The delegates passed the resolution.  Late that same night, Adams wrote to his wife Abigail with respect to the events of that day:  “The Second Day of July 1776, will be the most memorable Epocha, in the History of America. I am apt to believe that it will be celebrated, by succeeding Generations, as the great anniversary Festival. It ought to be commemorated, as the Day of Deliverance by solemn Acts of Devotion to God Almighty. It ought to be solemnized with Pomp and Parade, with Shows, Games, Sports, Guns, Bells, Bonfires and Illuminations from one End of this Continent to the other from this Time forward forever more.”[4]  On the morning of July 5th, copies of the Declaration were dispatched by members of Congress to various assemblies, conventions, and committees of safety as well as to the commanders of Continental troops.

On Monday, July 8, 1776, the first public reading of the newly printed Declaration (one of two hundred John Dunlap broadsides) was celebrated and church bells were rung throughout Philadelphia.  At that time, the Liberty Bell hung in the steeple of the Pennsylvania State House.  It was commissioned from the London firm of Lester & Pack in 1752, and was cast with an inscription from Leviticus 25:10: “Proclaim Liberty throughout all the land unto the habitants thereof.”  While there is no contemporary account of the Liberty Bell ringing, most historians believe it was one of the bells rung that day.   On July 9th, General George Washington, who was then stationed in Brooklyn Heights with the Continental Army in preparation for the Battle of New York, had several brigades drawn up at 6:00 p.m. in the evening to hear it read aloud.[5]  Its enduring words still ring familiar and true in our day.

           The Declaration of Independence stands as a timeless statement of human liberty, rights and equalityThe signers of the Declaration pledged to it their “lives, their fortunes and their sacred honor.”  Jefferson said, “The Declaration of Independence... [is the] declaratory charter of our rights, and of the rights of man.”[6]  The Declaration is America's first and foremost founding document.  It sets forth our understanding of human rights based upon the principles of natural law, and the legitimate authority and purpose of government. It is, as Abraham Lincoln wrote, the "apple of gold in the frame of silver..." (Proverbs 25:11).

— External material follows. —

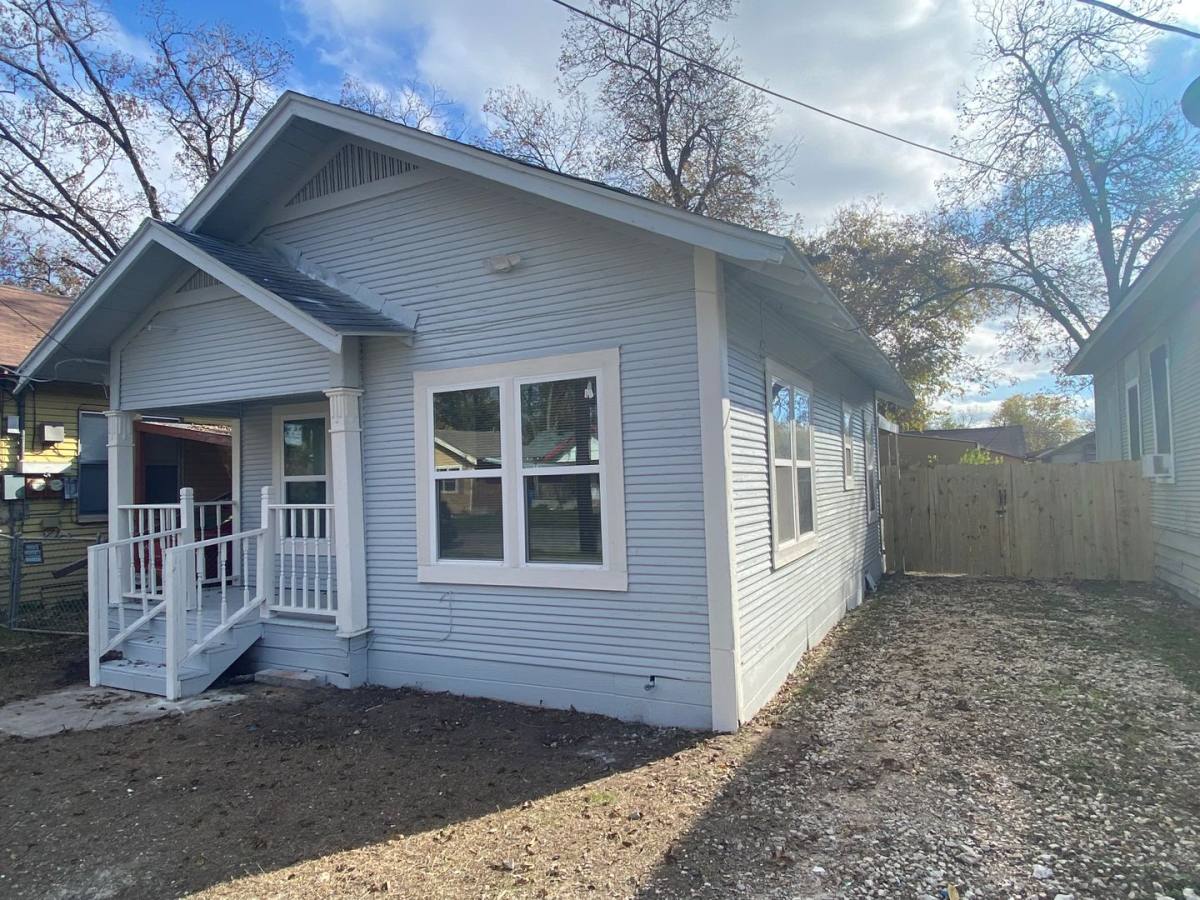 House for rent at 350 Barrett Place, San Antonio, TX 78225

[1] Ben Franklin Laughing, P. M. Zall, ed., (University of California Press,1980), p. 154.
[2] Letter of Benjamin Rush to John Adams, July 20, 1811 (reflecting on the July 4th celebration that year).
[3] The Works of Daniel Webster, 4th ed. (Boston, 1851), 1:133–36.
[4] John Adams to Abigail Adams, The Book of Abigail and John: Selected Letters of the Adams Family, 1762-1784, (Harvard University Press, 1975), p. 142.
[5] Malone, et. al. The Story of the Declaration of Independence, p. 82.
[6] Jefferson to Samuel Adams Wells, 1819, ME 15:200.

1 comment:

  1. A beautiful reflection of the deep and abiding meaning of the Declaration in the American soul. After the signing on August 2, Benjamin Rush wrote of the gravity the delegates' actions: "The pensive and awful silence, which pervaded the house when we were called up, one after another, to the table of the President of Congress to subscribe what was believed by many at that time to be our own death warrants." I just finished reading historian John Ferling's fine book called "Independence: The Struggle to Set America Free," in which he finishes the book by writing: "Jefferson succeeded in penning a timeless message, an affirmation of human liberty and dignity that has captured the hopes of succeeding generations." The Declaration is, as Ferling writes, "A statement that embodied the national credo and gave an enduring meaning to the American Revolution." Happy Fourth of July everyone!